El propietario, lord Canterville, le advierte que en el castillo hay fantasmas, y el cónsul le responde burlón que, aunque haya fantasmas, él no está dispuesto a pagar ni un centavo más por la propiedad. Después, ya más en serio, le dice: “Lord Canterville, los fantasmas no existen, y no creo que la naturaleza haga excepciones en favor de la aristocracia británica”.
Mi amigo Juan Gabriel Vásquez ha escrito en este diario una columna sobre el viaje del presidente Uribe a rogarle a la Virgen de Fátima por la paz de Colombia. Su tema es lo inconveniente que el presidente de una República laica realice este tipo de peregrinaciones, que parecerían más de un Estado clerical o teocrático. Juan Gabriel también expresa sus dudas personales sobre la existencia de milagros y sobre si la naturaleza hace excepciones a favor de la Iglesia Católica.
Pero lo que verdaderamente asombra del hecho es que, después de haberle ofrecido la paz a Colombia, con la firmeza y la contundencia de un estadista harto seguro de sus planes de gobierno, ocho años después el Presidente tenga que ir a pedirle el milagro a la Virgen de Fátima.
Pero, claro, es ingenuo pretender que le creemos a la piedad de los políticos, cuando sabemos bien que todos esos actos los realizan con periodistas y con cámaras, para conmover a sus electorados: en este caso, a un país eternamente necesitado de milagros y siempre dispuesto a creer en ellos, que no es capaz de cambiar su destino por la vía de la generosidad, la justicia social y una siembra histórica de dignidad entre los ciudadanos.
Álvaro Uribe no tiene cara de ser muy creyente, ni de confiar ingenuamente en milagros. Recuerdo que a la pintora Débora Arango, quien le había pintado una paloma de la paz, se animó a decirle: “A mí no me pinte palomitas, sino fusiles”, ante lo cual la irónica pintora le hizo el dibujo de un fusil, al que bien pudo haberle escrito debajo, al modo de Magritte, “esto no es un fusil: es un dibujo”.
¿Tan grave está la cosa como para tener que salir de la Cumbre de Estoril a pedir ayuda a la Virgen de Fátima? A juzgar por los titulares de prensa, está peor de lo que muchos imaginábamos. Acabo de ver la noticia de que según una ONG, siempre, según los gobiernos, sospechosas de parcialidad, en los últimos treinta años han desaparecido en Colombia cerca de 500.000 personas.
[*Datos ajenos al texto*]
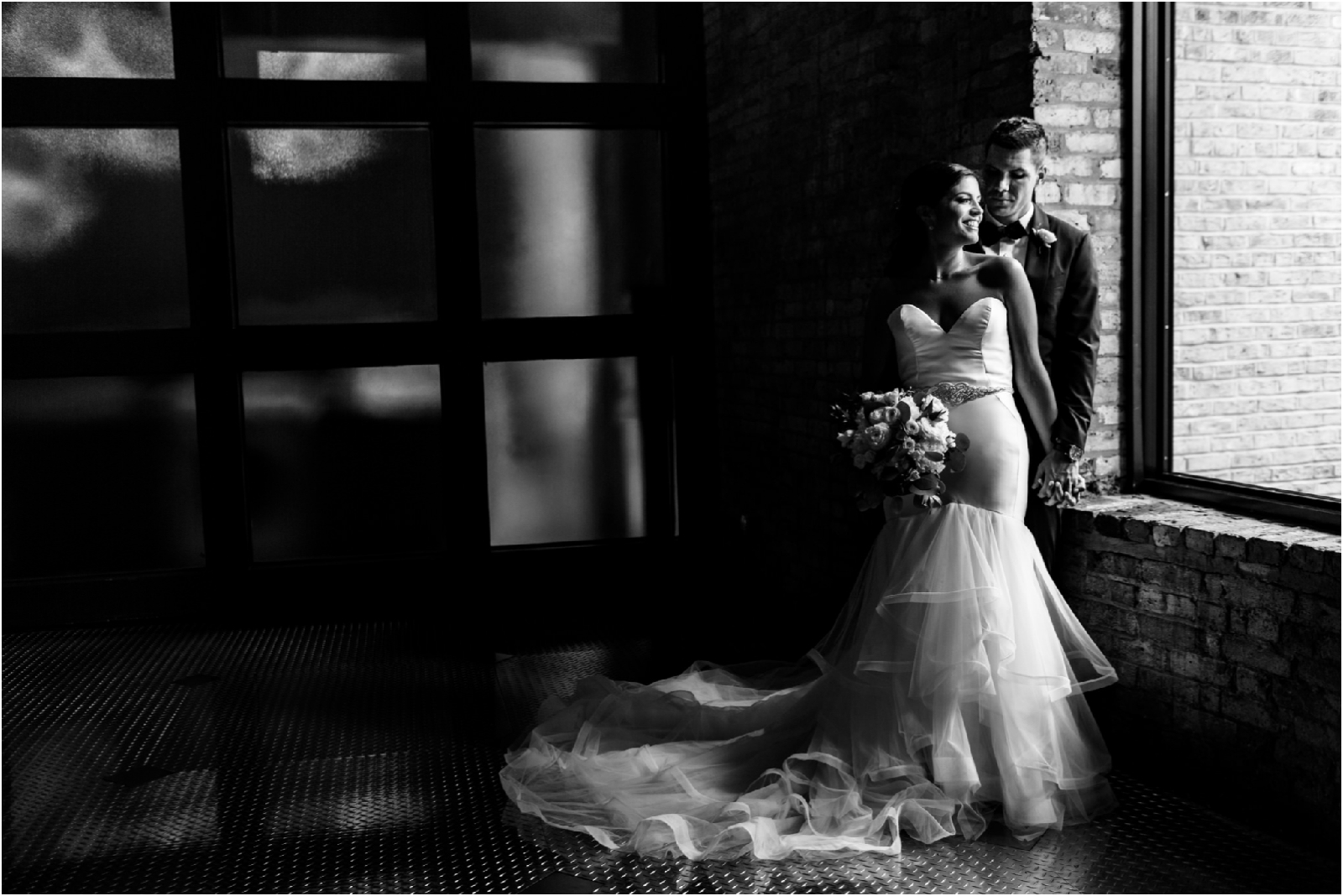 JillTiongcoPhotography-ChicagoWeddingPhotographer_0031.jpg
La mera posibilidad da escalofrío, pero uno se refugia en la esperanza de que la ONG se equivoque y las cifras no sean tan altas. Incluso, la Unidad Nacional de Justicia y Paz de la Fiscalía General declara que el cálculo oficial es de sólo la mitad de esa cifra. Como si ya no fuera alarmante hasta el vértigo que en un país, democrático o no, hayan desaparecido siete mil personas al año durante treinta años sin dejar rastro alguno.
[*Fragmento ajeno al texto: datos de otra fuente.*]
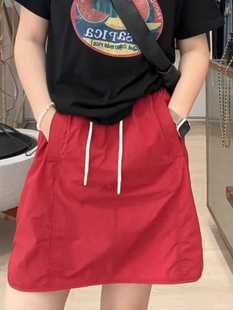 ��a�ļ��@�ݼtɫ�ɾo��ȹѝŮ��mm��ȹС���Ӹ���a�ֹ��b����ȹ
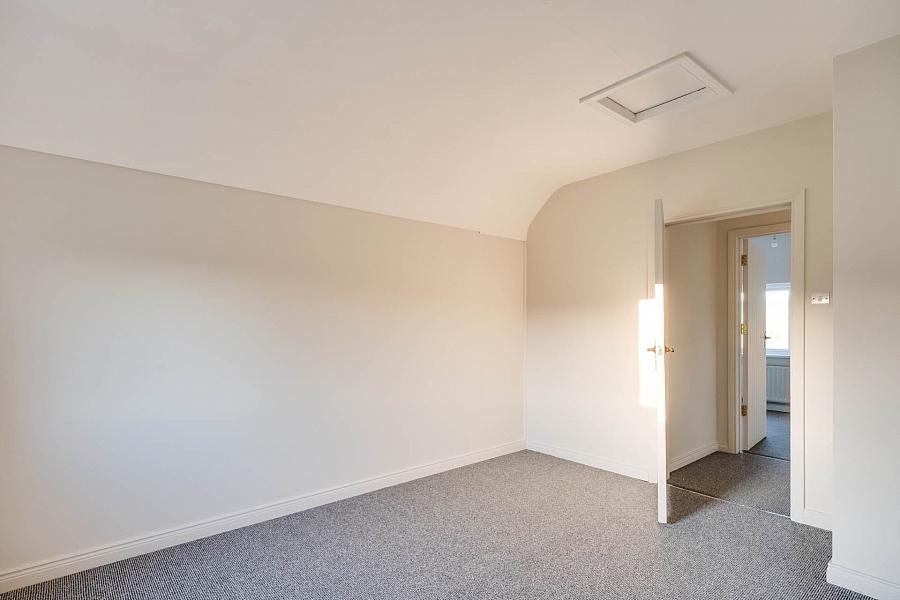 Dernish Cottage Corraquil Cottages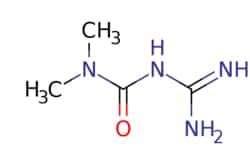 eMolecules​ N'-(Aminoiminomethyl)-N,N-dimethylurea | 118632-64-7 | MFCD11035729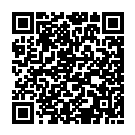 QRCode for audio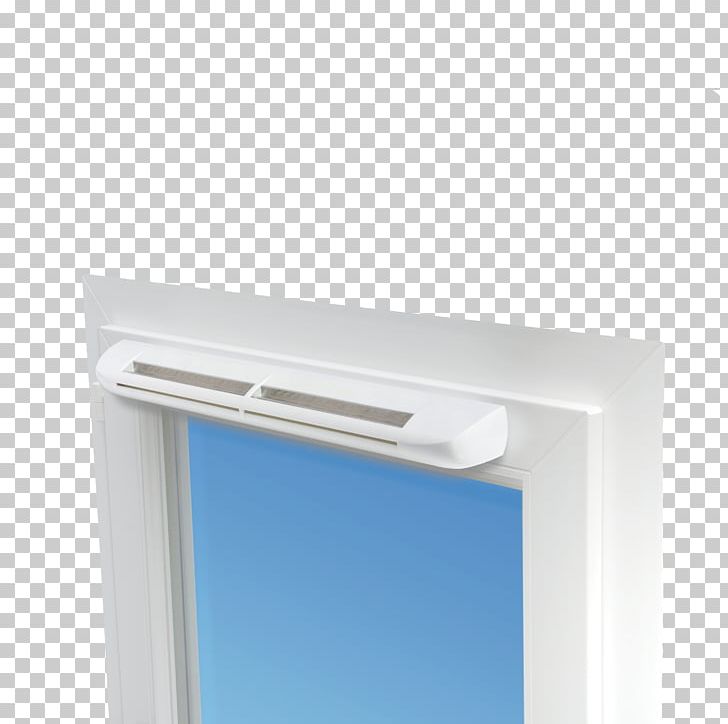 Window Ventilation Trickle Vent Sliding Glass Door PNG, Clipart, Air, Angle, Building, Door, Fan Free PNG Download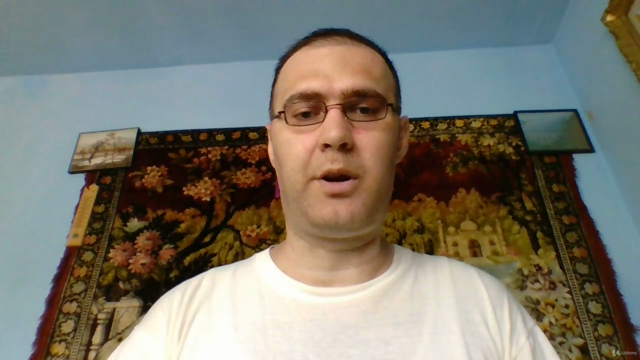 Curs de programare Java pentru incepatori - Screenshot_03
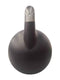 Bells of Steel 32kg ADJUSTABLE Competition Kettlebell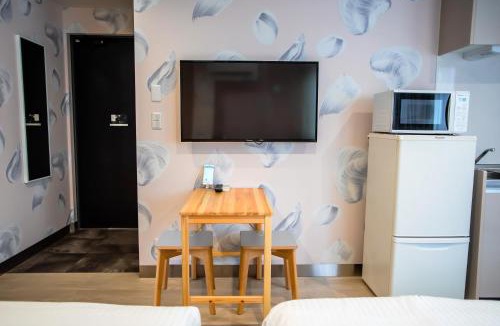 Setagaya Apartment | iruka hotel 15 minutes to Shinjuku and Shibuya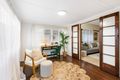 Property photo of 30 Lewis Street Camp Hill QLD 4152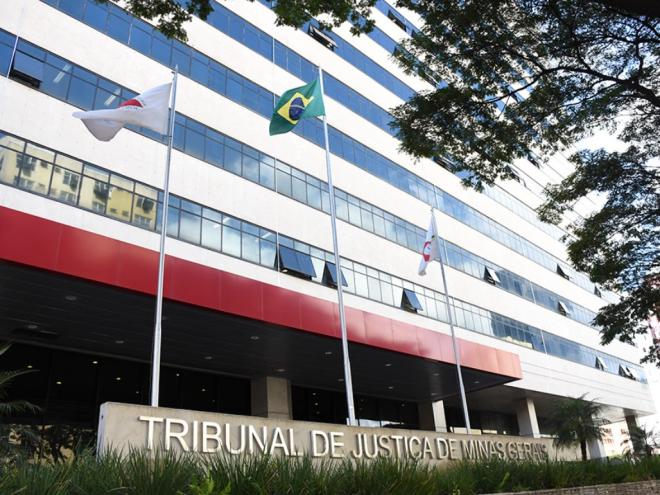 Concurso será para provimento de vagas existentes e formação de Cadastro de Reserva 
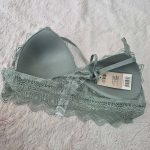 سوتین زنانه اسمارا کد Z-HF43 - Image 5
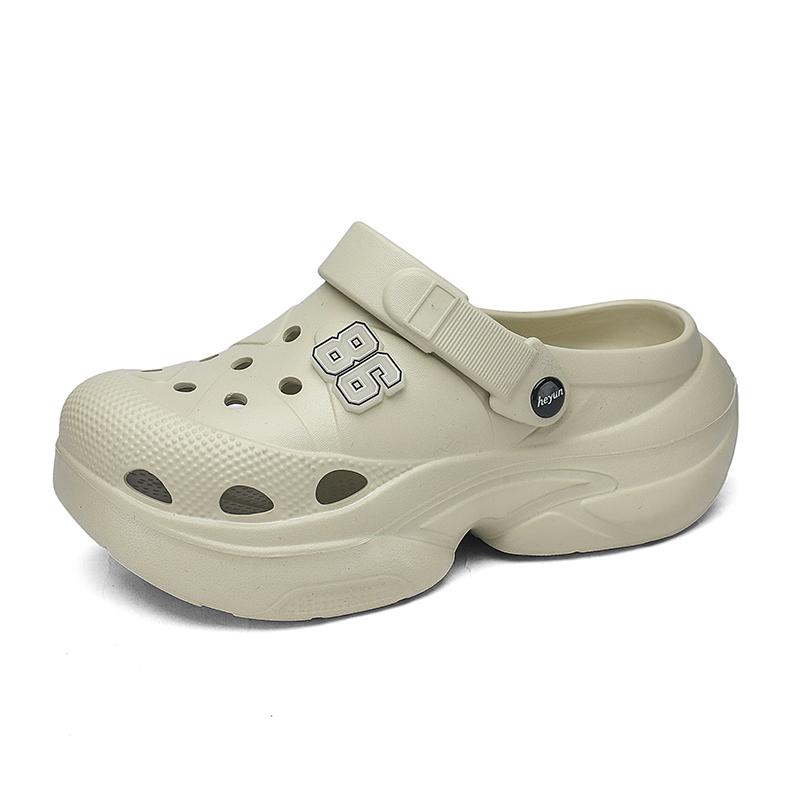 Men Slide Shoes Lightweight Bathroom Non Slip Bedroom Design Daily Unisex Sandal Shoes Orginal Indoor Beach Home High Quality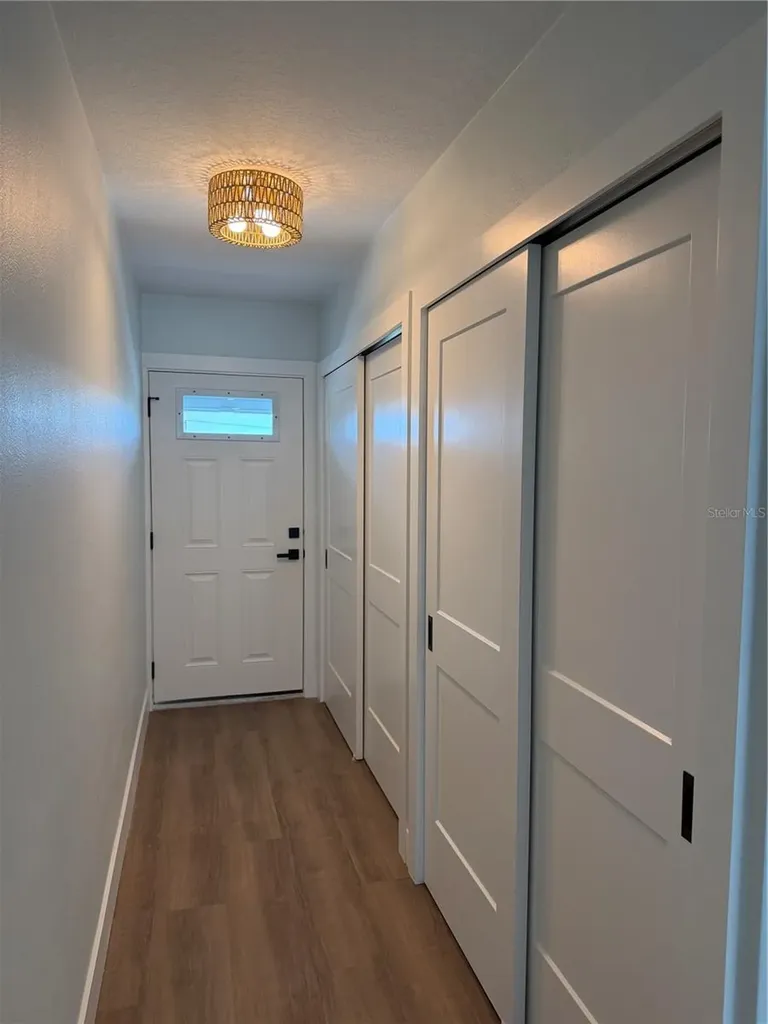 6363 Gulf Winds Drive St Pete Beach FL 33706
¿Dónde vivimos realmente?, se pregunta uno. ¿Y qué dirá el mundo? Pero el mundo al parecer no dice nada, porque hay extraños mecanismos que hacen que lo que pasa en Colombia nunca alarme tanto, ni ponga al mundo a hablar tanto, como lo que pasa en Cuba, en Irak, en Irán, en Venezuela, en Afganistán, en Haití, en Camboya o en Ruanda. Más aún, la noticia, en letras pequeñas, tiende a pasar inadvertida.
Pero de pronto veo una nueva noticia, esta misma semana, en este mismo diario: “Hallan fosa común con 2.000 muertos en La Macarena”. Asombrosamente, en la edición digital, ni siquiera ha merecido ser una noticia a grandes titulares. Es como si fuera una cosa habitual y, para nuestra desgracia, lo es.
Pero 2.000 muertos en una fosa común en La Macarena, encontrados durante la visita de una delegación británica, merecen que los ojos del mundo se vuelvan hacia Colombia y que en todas partes se pregunten qué es lo que está pasando aquí. Peor aún si la noticia nos dice que algunos de esos muertos no son de hace diez años sino mucho más recientes.
Yo, sinceramente, como colombiano y como ser humano, siento un estremecimiento. Y a pesar de que tiendo a formar parte del gremio de los escépticos, empiezo a pensar con angustia que, para alcanzar la paz, Colombia tal vez sí está necesitando un milagro.
Pero dudo de que ese milagro consista en un tercer gobierno de Álvaro Uribe, ni en el mero gobierno de ningún otro político. Ese milagro tendrá que ocurrir en el corazón de cada colombiano, pero también en la capacidad del mundo de ver lo que nos pasa y de obrar en consecuencia.